Four Players the Wild Could Trade Away to Create Cap Space

Photo: Rick Olson - Minnesota Hockey Magazine

The Minnesota Wild are one of the most cap-strapped team in the NHL and we all know why. They have $14.6 million in salary cap dollars committed to two guys, Zach Parise and Ryan Suter, who no longer play for their teams.

But Bill Guerin cannot reclaim any of the cap space that’s already been set aside for Parise and Suter’s old contracts. If the Wild general manager wants to make any moves this offseason, he will have to turn a blind eye to what is already done and, instead, look at players on the active roster who can be bought out or traded to create more space.

For the purposes of this blog, we are going to assume these players can be traded without the Wild retaining salary. In reality, there’s no point in Guerin making cap-clearing deals if he has to pay a bunch of outgoing salary to get them done.

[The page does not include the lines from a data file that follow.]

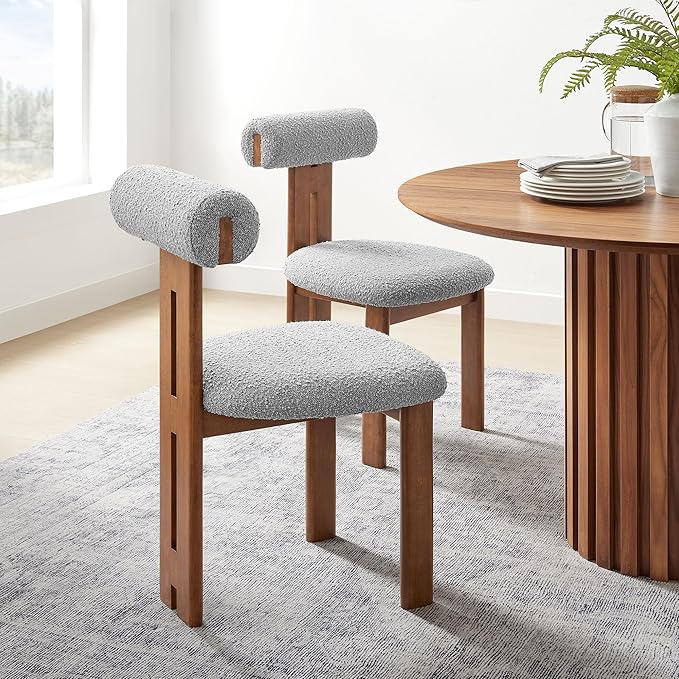 Modway Torian Upholstered Boucle Dining Chairs Set of 2 in Walnut Light Gray - 3-Legged Farmhouse Kitchen Chairs - Mid-Century Modern Armless Accent Chairs - Comfortable Side Chairs with Wood Legs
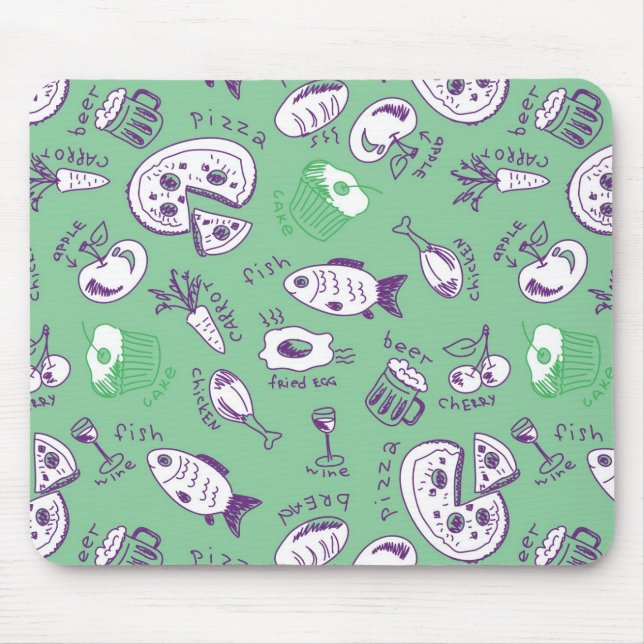Pattern with Food Mouse Pad (Front)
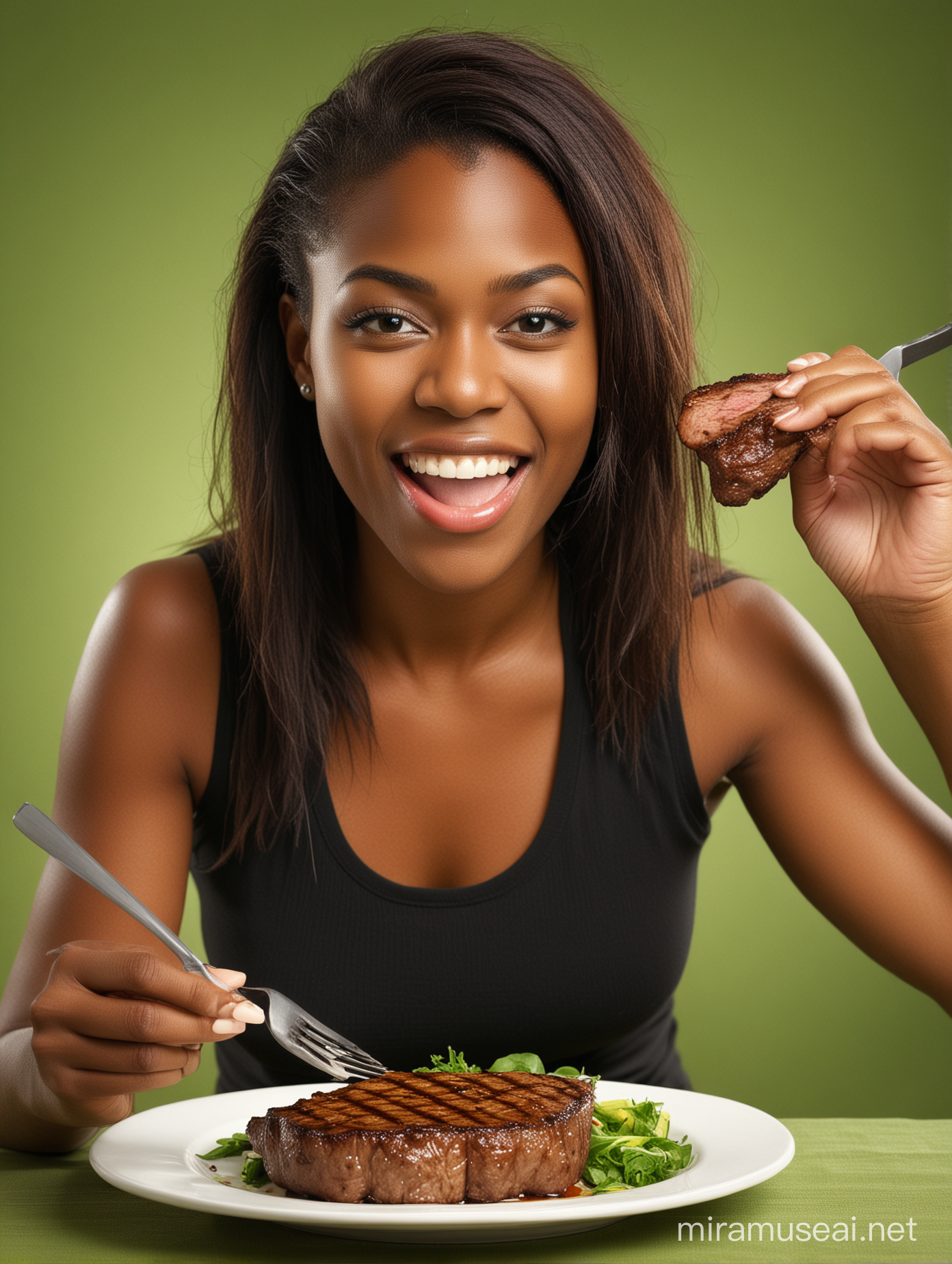 Young black happy American female eating steak.

Background: Green Plain Background, sharp lights, sharp shadows, sharp highlights. Vibrant food colors. 

Mood: Subject is enjoying and happy.
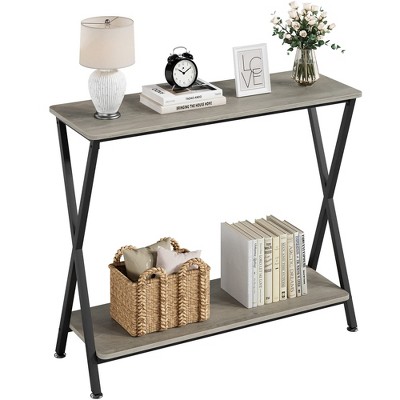 31.4" Console Table with Shelf, 2-Tier Narrow Entryway Table , Sofa Table, Console Tables for Entryway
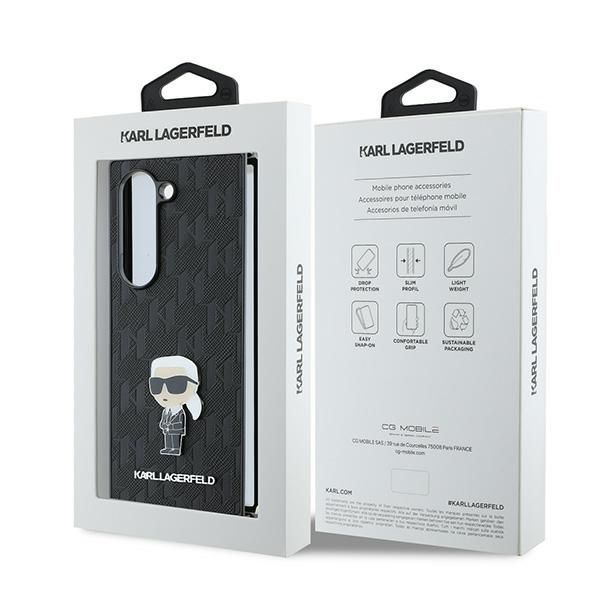 Aizmugurējais vāciņš Karl Lagerfeld Karl Lagerfeld Saffiano Ikonik Pin Case for Samsung Galaxy Z Fold 6 - Black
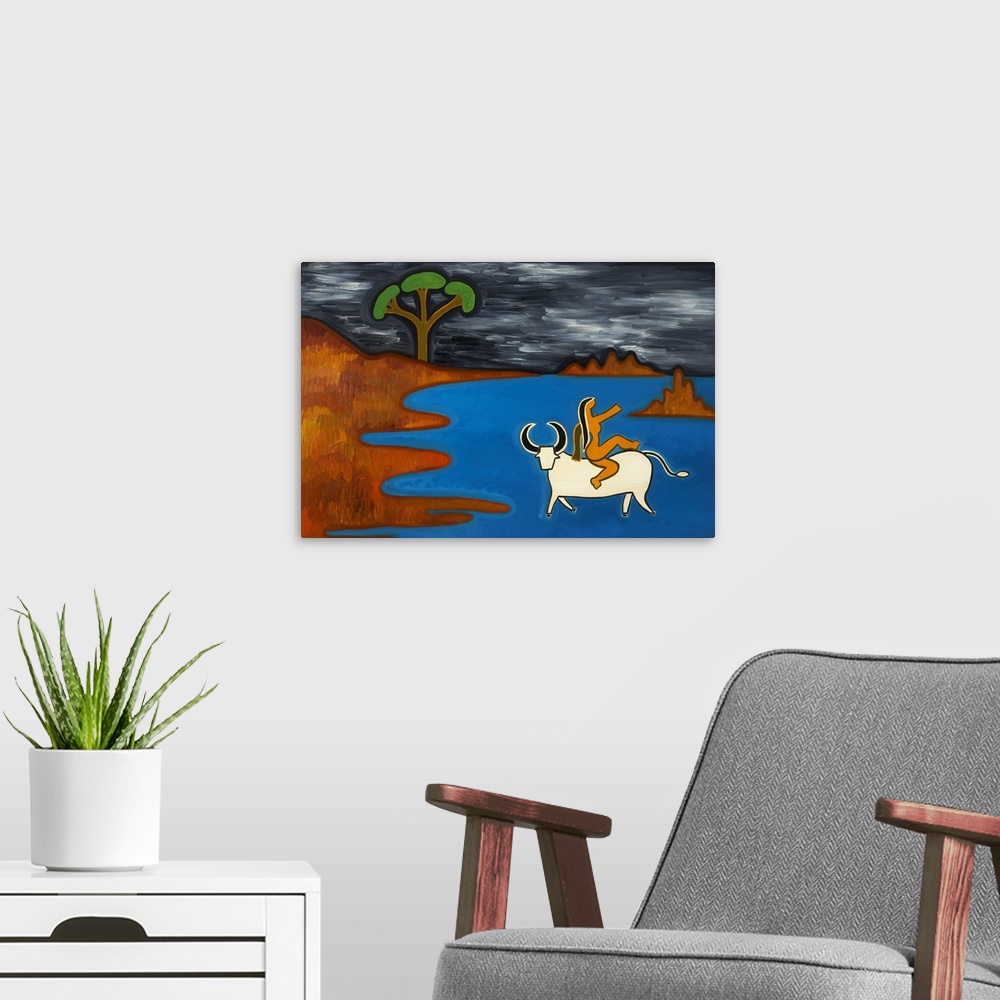 A modern room featuring Contemporary painting of a woman riding a bull in the ocean, the myth of Europa.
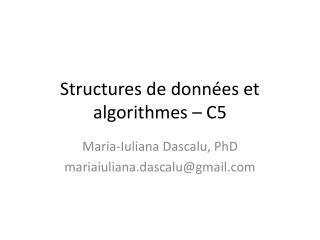 Structures de données et algorithmes – C5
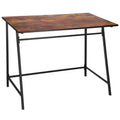 Birou tip masa laterala, cu cadru din otel, 50x100x76 cm, industrial, maro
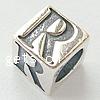 Thailand Sterling Silver European Alphabet Beads, Cube, with letter pattern & without troll Approx 4mm 
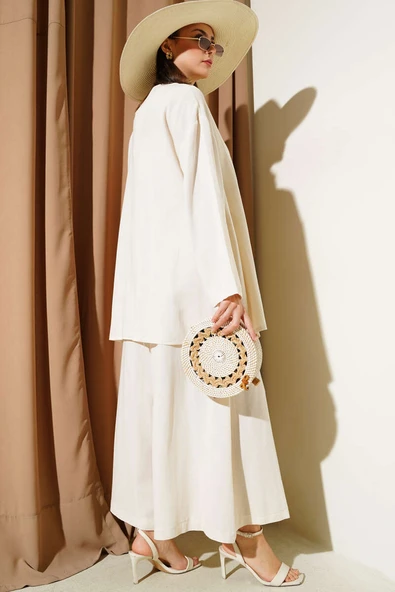 Yanı İp Bağcıklı Salaş İkili Takım Bej - Resim 3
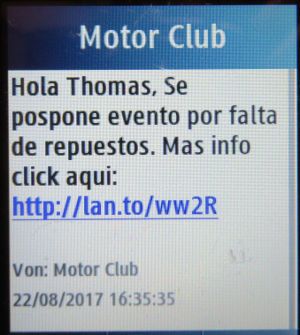 HCC Sport Cars, Madrid, Spanien, Absage der Veranstaltung im August 2017 per SMS auf einem Samsung GT-C3300K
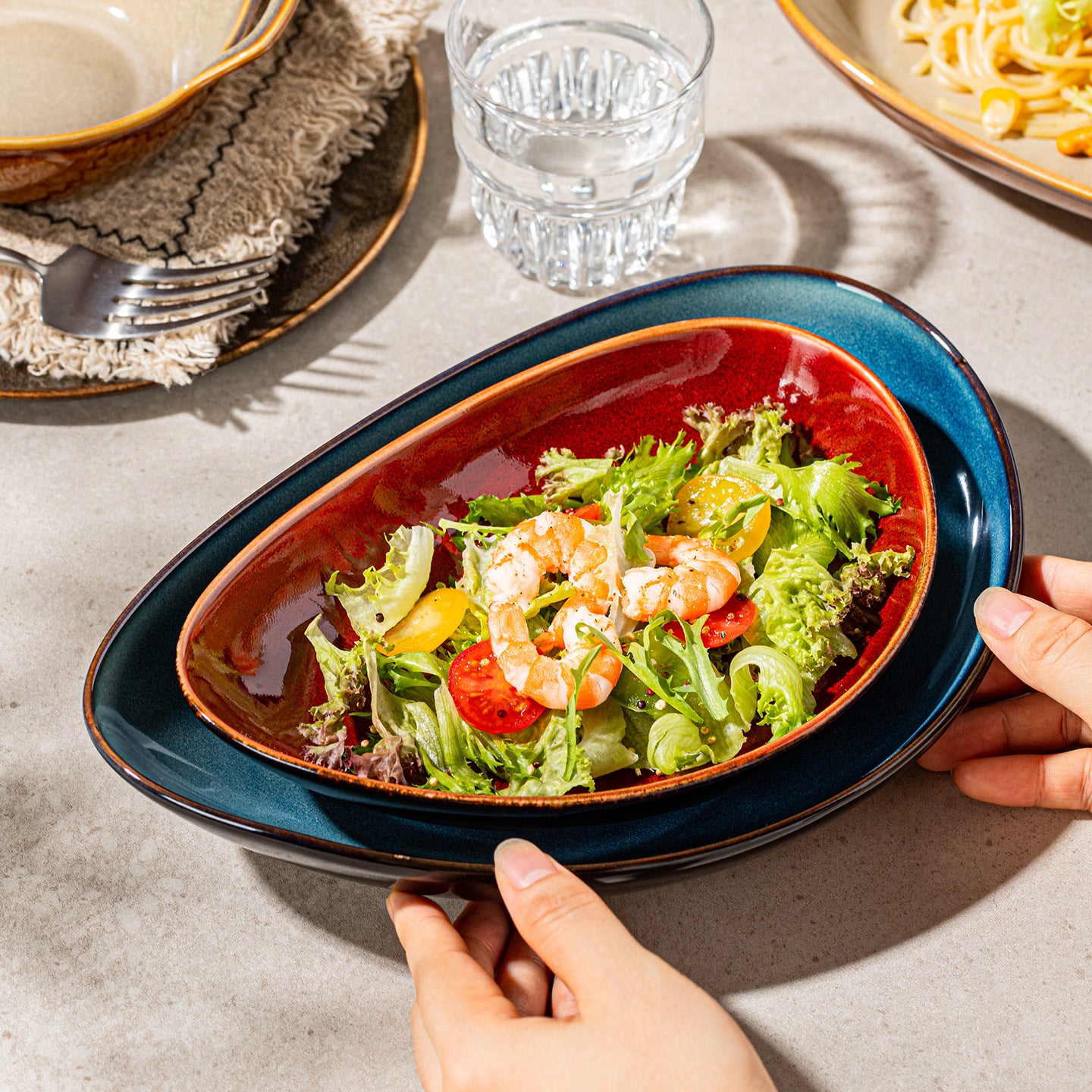 Vintage Gradient Ceramic Oval Plates – Colorful Irregular Dinnerware Set for Home & Restaurant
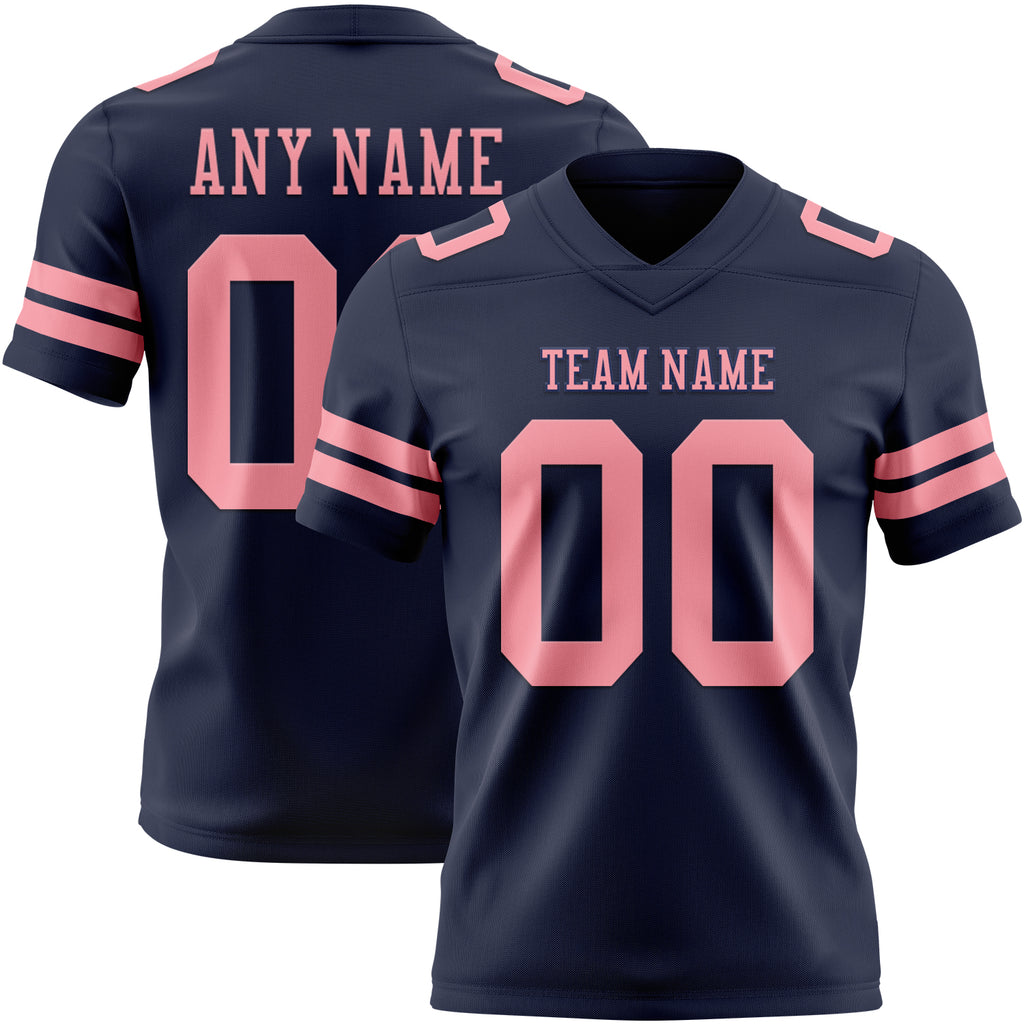 Custom Navy Medium Pink Mesh Authentic Football Jersey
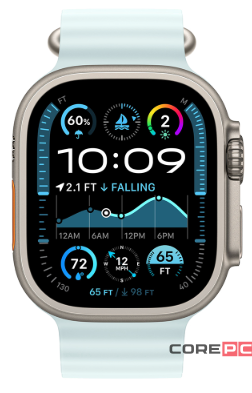 Apple Watch Ultra 2 (2024) 49mm Natural Titanium Case with Ice Blue Ocean Band (One Size)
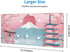 Japanese Ocean Waves Gaming Mouse Pad XL - Non Slip Rubber Base, Stitched Edges, Extended Large Desk Pad (31.5 x 11.8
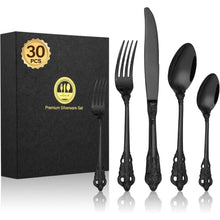 30-teiliges Besteckset Schwarz Matt, Edelstahl, Geprägte Griffe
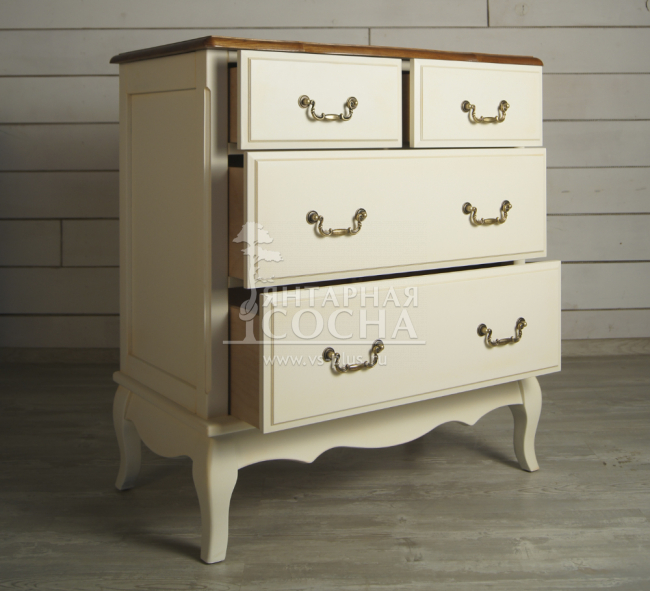 Бежевый комод Leontina (4 ящика) арт ST9335 Бежевый комод Leontina (4 ящика) арт ST9335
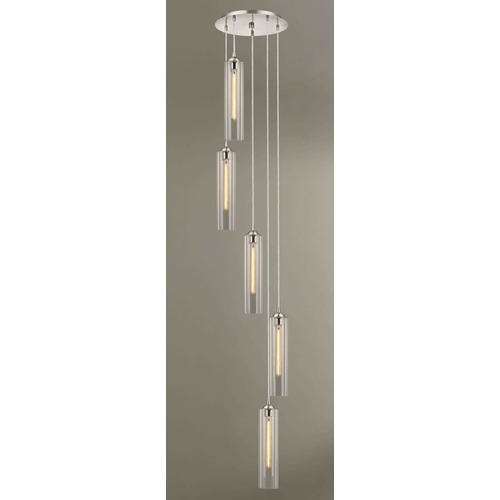 Satin Nickel Multi-Light Pendant with Cylindrical Shade
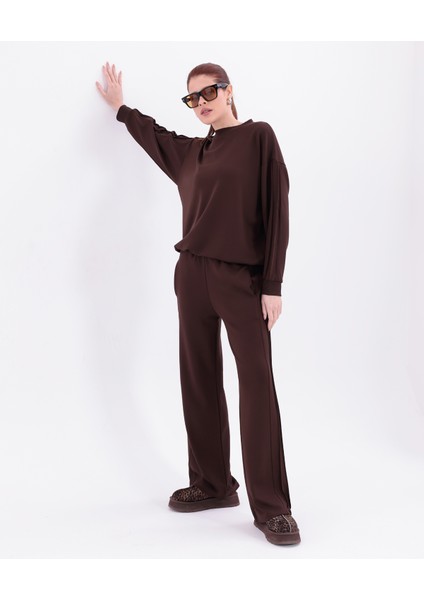 Yanları Nervürlü Katlamalı Uzun Kollu Yumuşak Akışkan Kumaş Viskon Günlük Alt Üst Takım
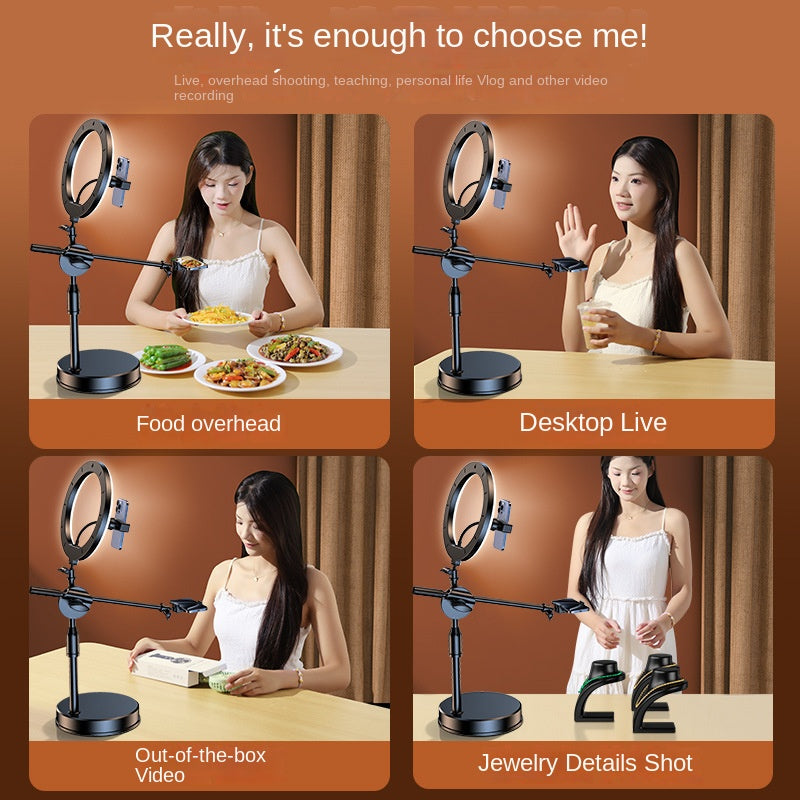 Mobile Phone Overhead Shooting Stand with Adjustable Dual-Camera Position & Fill Light, Desktop Holder for Food Photography, Drawing & Live Streaming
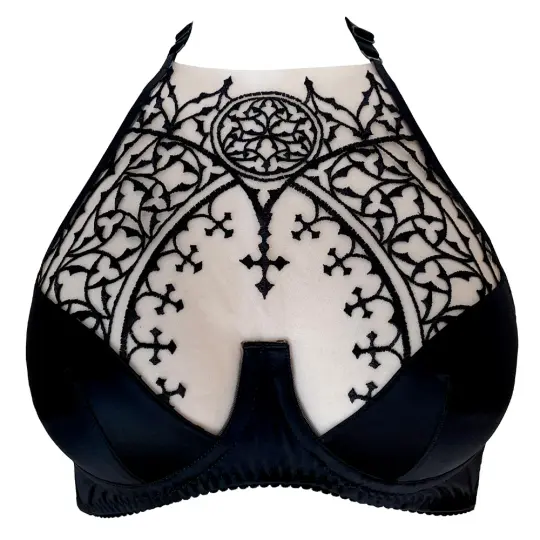 UNHOLY EMBROIDERY HALTER BRA HALF CUPS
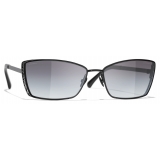 Chanel - Occhiali da Sole Rettangolari - Nero Grigio Sfumate - Chanel Eyewear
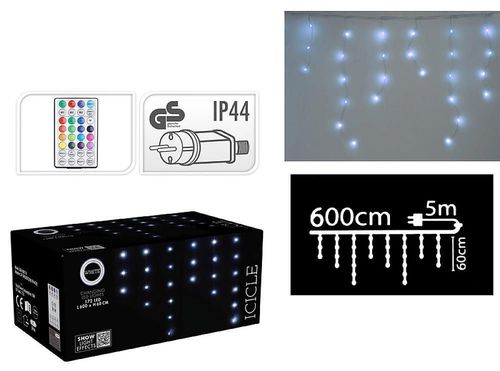 купить Гирлянда Promstore 56508 Luminite de Craciun Cortina, 172LED, alb, 6x0.6m, 8regim.+telecom. в Кишинёве 
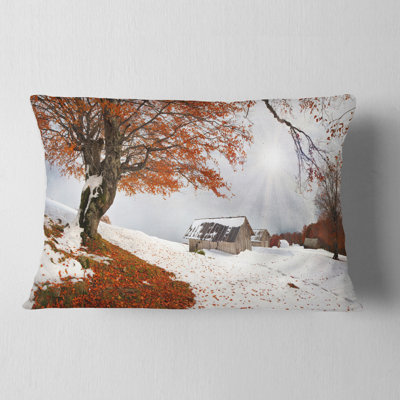 Coussin lombaire neige en automne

Alex Goligoski (D) – 1 Year ($2 million)

Trading Alex Goligoski seems like the only no-brainer on this list. He was scratched more often last season, than he was active. While it’s nice to have an able veteran available in the press box, the Wild cannot afford such luxuries.

Guerin needs to move on from Goligoski. Save $2 million against the cap and let Alex finish his career on a roster where he’s active for every game. It sounds like there was some interest in Goligoski at the 2022-23 trade deadline. I’d imagine there would be even more in the offseason, when teams have fluctuating and incomplete rosters.

Mats Zuccarello (RW) – 1 Year ($6 million)

Like I said, finding more cap space gets a lot more difficult after Alex Goligoski. The biggest savings Guerin could find, on a realistic level, is Mats Zuccarello, who is going into the last year of his deal. Trading Zuccy would save up to $6 million against the cap for someone who was nearly useless when Kirill Kaprizov was injured and out of the lineup toward the end of last season.

Up until then, Zuccarello seemed like an integral part of what the Wild did offensively. He and Kirill have a type of on-ice chemistry that would be hard to duplicate. But Mats was so bad in Kaprizov’s absence, that you wonder if Kirill’s genius is the only thing keeping his hockey above par?

Is it possible that Kaprizov would be even better with someone more talented on his opposite wing? There are no indications that the Wild want to move on from Zuccarello. But if they can find a team willing to take on his entire 2023-24 salary, Guerin might be able to find a better way to spend that $6 million. Mats has a 10-team no move clause on his deal so he has some control over where the Wild would be able to trade him.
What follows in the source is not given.